This article analyses why informal labourers working ‘at the margins’ of global production networks lack ‘structural’ and ‘associational’ power. It does so in order to better understand potential changes in their material and political conditions, and as part of broader calls to put labour at the centre of development studies. The article focuses on rural-based labourers in south India who work relatively invisibly as agricultural labourers and informal factory workers, and on the construction sites of a ‘global city’ (Bangalore). It deploys a three-way labour control regime framework that encompasses (1) the macro-labour control regime, which is ultimately defined by capitalist relations of production, and characterised in India by particularly high levels of informality (precarious and largely unregulated work) and segmentation (due to the fragmentary impact of caste); (2) the local labour control regime, which refers to how class relations in specific places are shaped by patterns of accumulation and work (themselves shaped by differences in agro-ecology, irrigation, and remoteness from non-agricultural labour markets), distributions of classes and castes, and the uneven presence of the state; and (3) the labour process, which is increasingly marked by forms of ‘remote control’ marshalled by labour intermediaries.
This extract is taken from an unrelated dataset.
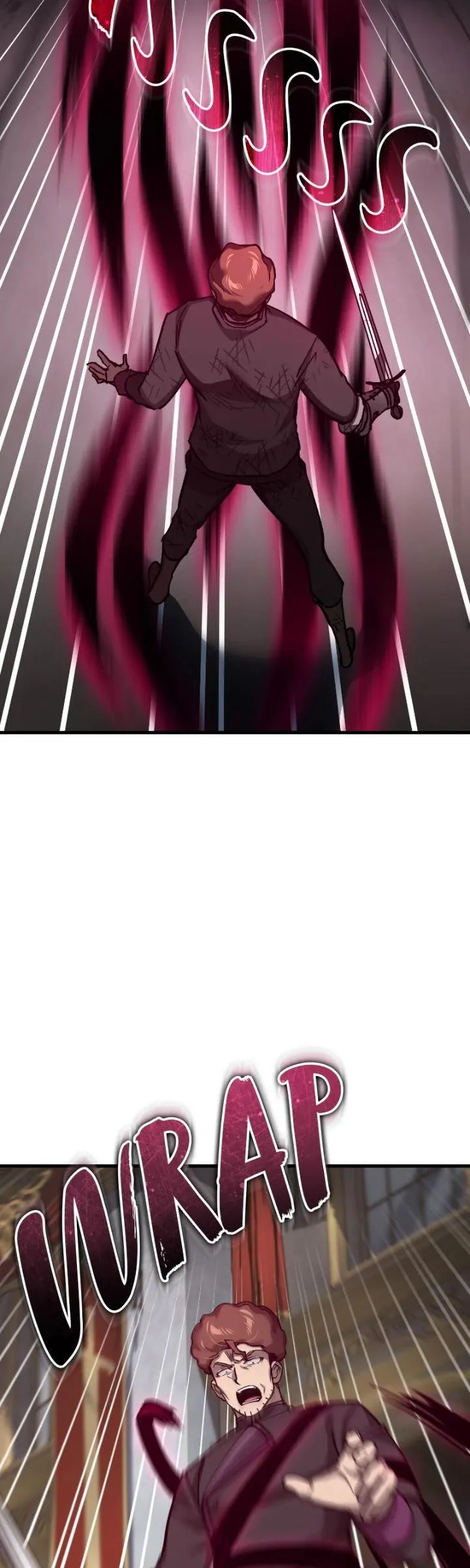 Read Descended from Divinity Manga Online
Debate on the macro-labour control regime and on the labour process is well established, but little has been said about local labour control regimes, which are newly defined here and discussed in terms of differences between ‘wetland/circulation zones’ and ‘dryland/commuting zones’. The article identifies locations where labour has greater potential structural and associational power. Increased worker organisation in these areas could have knock-on effects in more ‘obscure’ sites.

Suggested Citation

  • Jonathan Pattenden, 2016. "Working at the margins of global production networks: local labour control regimes and rural-based labourers in South India," Third World Quarterly, Taylor & Francis Journals, vol. 37(10), pages 1809-1833, October.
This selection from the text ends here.